The Delicate Balance Between Want-To and Have-To

The Delicate Balance Between Want-To and Have-To

Organizing tasks is no small effort as anyone who has tried surely knows. While a simple list of tasks suffices for a few days (the good, old To Do list), such lists customarily outgrow their format; there’ll simply be too many items and the list once devised to make our life more structured and organized becomes the very evidence that it isn’t.

However, there is a remedy to this situation and that is to devise some form of system according to which our tasks can be organized. Some common dimensions considered in such undertakings are given in the following:

  • Urgency: Can the completion of this task wait or does it have to be done right now?
  • Importance: How important is the result of the completion of the task for us?
  • Risk: How big is the risk associated with doing the task?
  • Resources Required: How much time and other resources are required to fulfil the task?

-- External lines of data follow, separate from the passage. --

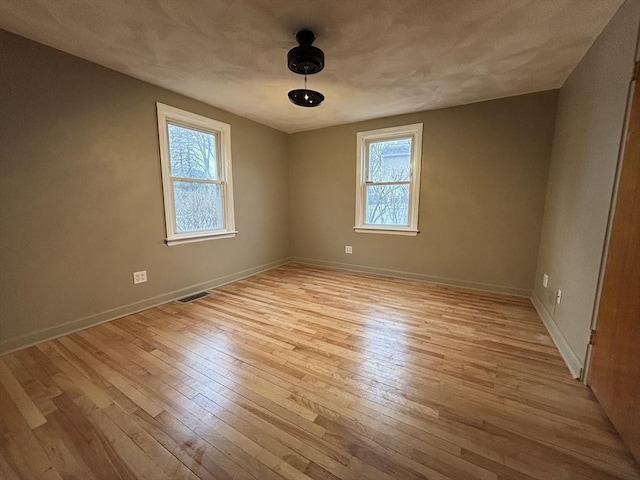 spare room featuring baseboards, a wealth of natural light, light wood-style floors, and visible vents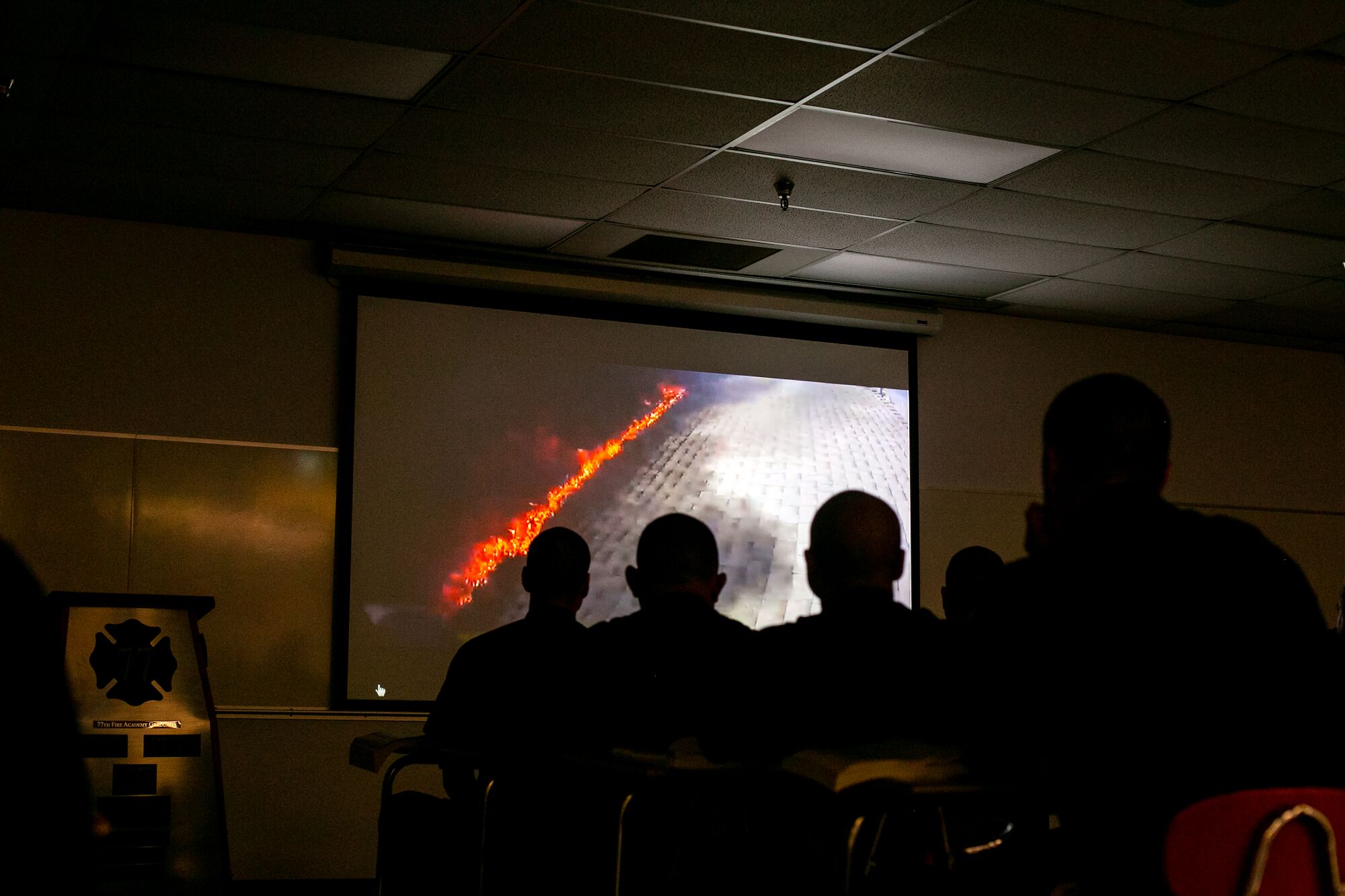 Recruits watch a video in March that shows other firefighters cutting a ventilation hole on the roof of a home during a structure fire.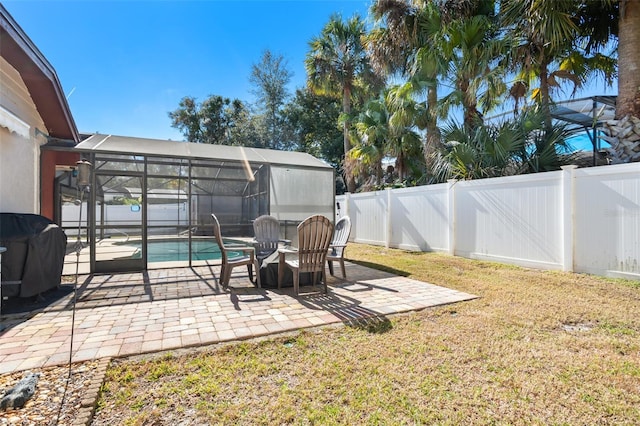 view of yard with a fenced in pool, a patio area, and glass enclosure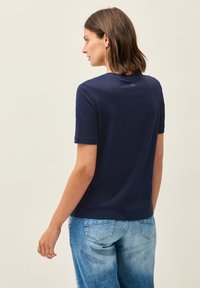 T-shirt bleu marine à manches courtes en mélange de coton doux, avec un col rond et un design minimaliste, associé à un jean en denim bleu clair.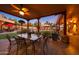 Outdoor dining area on the covered patio with glass-top table and wrought iron chairs at 5827 N 129Th Ave, Litchfield Park, AZ 85340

After we would have categorized tasks according to these dimensions, we could pick the most important, most urgent, or less risky tasks - which can be very useful. However, the more dimensions we consider in the system, the more complex and potentially unmanageable this system becomes. Thus, it is very important to focus on the dimensions which help us achieve our goals in the best possible way.

I assume here that the underlying goal in trying to organize our tasks is twofold: firstly, to get more things done in less time, and, secondly, to be able to live a happier and less stressful life. I want to argue that, in regards to this goal, the single most important dimension to consider is that between ‘want-to’ and ‘have-to’.

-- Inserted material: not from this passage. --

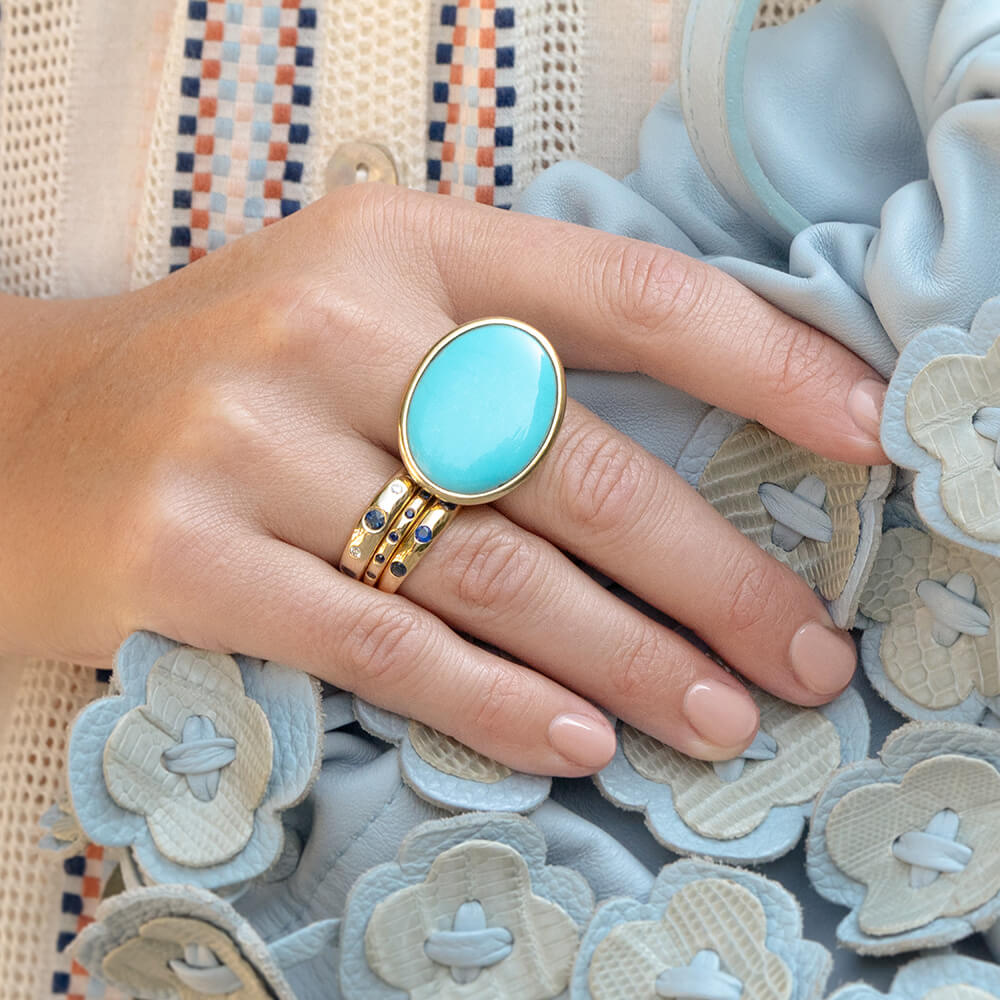 A close-up of a hand wearing a gold ring with a large oval turquoise cabochon, layered with three slim 18k yellow gold and sapphire stackable band rings, resting on a light blue textured fabric.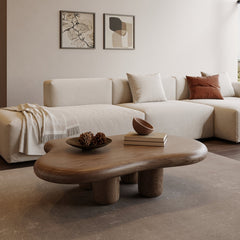Modern living room with a wooden coffee table and beige sofa.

Evidently, there is no other sensible reason for us to engage in an activity apart from us having to do it or us wanting to do it. Unfortunately, it is often not obvious into which of these categories a task belongs.

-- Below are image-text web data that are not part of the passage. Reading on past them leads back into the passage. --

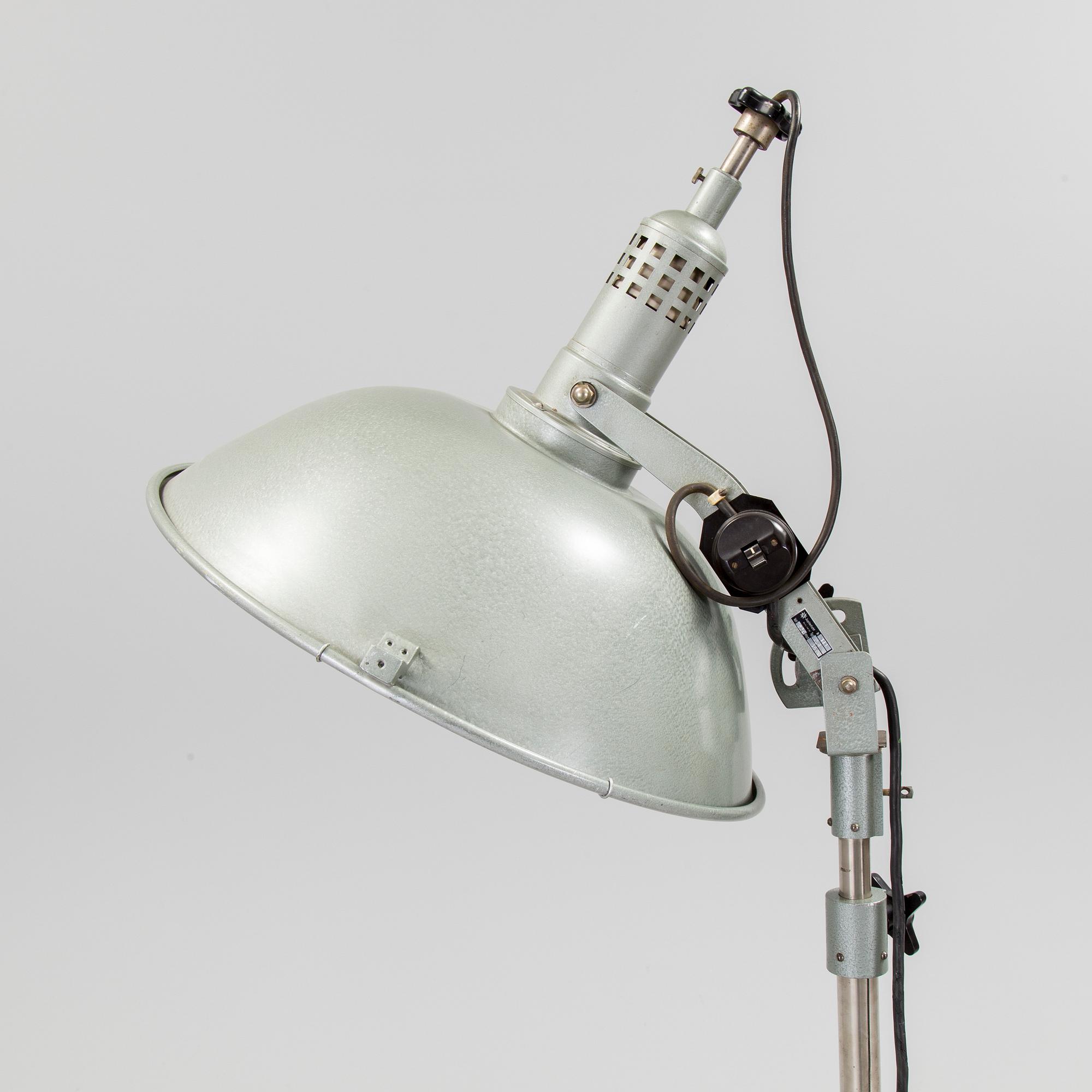 A German metal floor light from the mid 20th century.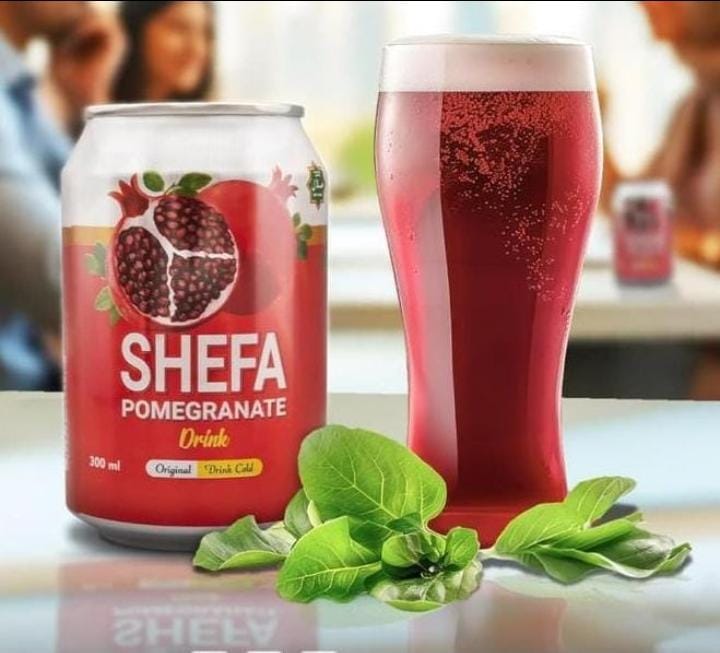 SHEFA Pomegranate Juice Drink can poured into a glass, filled and canned by Fillerco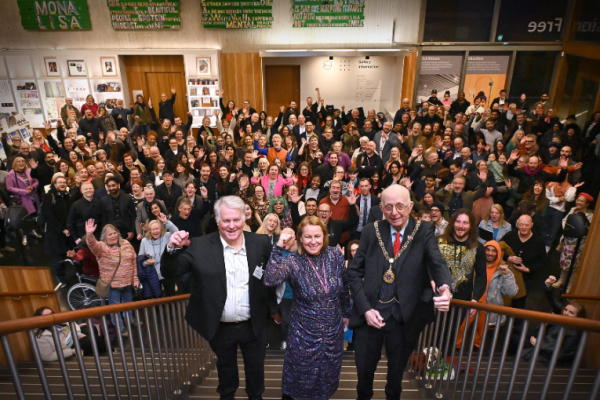 The Director of the Gallery, Chief Exec of Walsall Council and Mayor of Walsall celebrating in front of a crowd of visitors inside the Gallery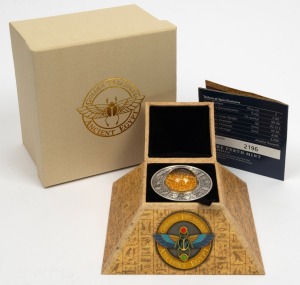 Tuvalu: ANCIENT EGYPT: Perth Mint 2019 'Golden Treasures' two Tuvaluan dollars 2oz silver antiqued coin, limited edition 2196/2500, in original unusual pyramid case with CoA and box. The centre of the coin features a perspex bubble filled with 24ct gold p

Take for example brushing teeth. You might truly hate brushing your teeth and consider it an utter waste of time. Thus, come morning, evening and after lunchtime (if it were up to your dentist), the task of brushing your teeth easily falls within the ‘have-to’ category. But ask yourself the question WHY do you have to brush your teeth. If you are a child, clearly because your parents tell you to. But what if you aren’t? Maybe you want to feature a fresh mouth odour, maybe you want to avoid a painful procedure at the dentist, or maybe you want to have beautiful, white and shiny teeth.

You can do this exercise with any other chore of your choice. Think about something you have to do long and hard enough and you will surely discover that you only have to do it because of something you want.

Therefore I suggest here as the ultimate measure to become the master of your tasks rather than be mastered by them to identify their ‘want-to’ distance.  For all things on your lists of tasks you dread doing, think about how they are related to what you want to do.

This doesn’t help you to find out which tasks are important and urgent – but chances are you intuitively know what is important and urgent anyway and thus there is little value in writing this down. However, determining the ‘want-to’ distance of your tasks accomplishes something of far more value: it implicitly but inescapably reveals there are no ‘have-to’s in your life.

With this insight, you can do what you need to do with purpose – the strongest force known to make our lives successful and fulfilled.